We came here after going to this street festival in the dodgy part of town which did not seem even remotely dodgy.  In fact, the festival was a celebration of the fact that the residents of this part of the town, who came from a myriad of different countries, had said, ‘We don’t like this place being run down and a bit dodgy: let’s stop that.’  And they had. 

They had renovated buildings, they had renovated parks.  I’m not sure what other initiatives.  But in the end, in celebration of all this, they were having this fair.  With four stages – music ranging from German hiphop (which I enjoyed the rhythm and tune of while not understanding a single word) to Brazillian drumming (those guys were having a LOT of fun), lots of different food, and things like mosaic making and a track where kids raced down a slope in these go-kart type things.  It wasn’t rained off, and the rain stopped, so we came along and stayed for a few hours until we started getting cold.  Then we went to The Dubliner.

This pub is quite well-known for having live music.  And it’s a nice place which serves you hot chocolate when you ask for it, has places to sit, and a big tv that usually plays animal documentaries but on this occasion had images of paddy field and forests etc – lots of aerial views.  We hadn’t been convinced by the billing of ‘Jazz’, but we were cold, so we went there.

So Cori and I went to the toilet, and got Steve to order our hot chocolates.   As we came out of the toilet a very manly looking woman went into the ladies’ toilet.  And when she came out she went onto the stage and proceeded to sing in a very masculine way.  This caused us some confusion, and we discussed it for quite some time, weighing up the evidence (sorry).

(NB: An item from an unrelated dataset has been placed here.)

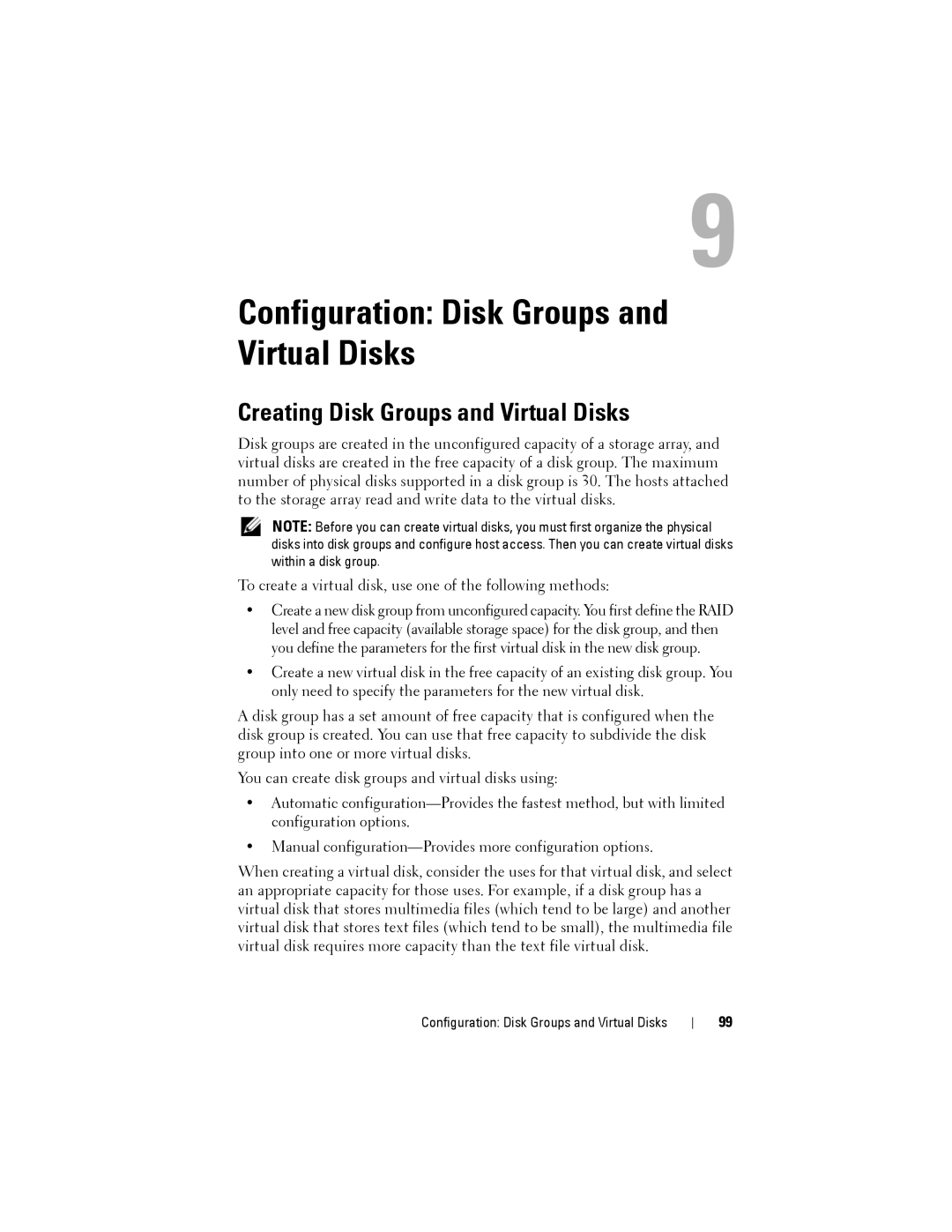 Dell MD3620F, MD3600f owner manual Configuration Disk Groups and Virtual Disks, Creating Disk Groups and Virtual Disks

She was a very good singer, and the band was very good.  And by Jazz they apparently meant things like before-the-eighties rock, and some sixties blues.  A bit of Elvis (Suspicious Minds) and other such songs.  It was, as I said, very good, and it activated a Dancing Granny – she got up and BOPPED – this was a bopping granny who was in the style of the 1920s with legs stepping from side to side and hands swinging and waving.  She had a skirt on and a smart jacket: she was more traditional-style. 

Occasionally people danced with her.  Occasionally she got a bit embarrassed and sat back down, but then always the music would inspire her back up to the dancefloor.  And she shouldn’t have been embarrassed, because we were smiling, and probably grinning a bit, but it was joy: if you do not know how much joy a Dancing Granny can inspire, I hope you soon feel it.  (This is the old age that we all want: when it’s midnight and you’re at a pub dancing to live music!)  And I hope that there’s another one in the next pub I go to.  But I’m going back to England tomorrow, so I’m not sure....

Fingers crossed.  (England: if you don’t have them, it’s time.)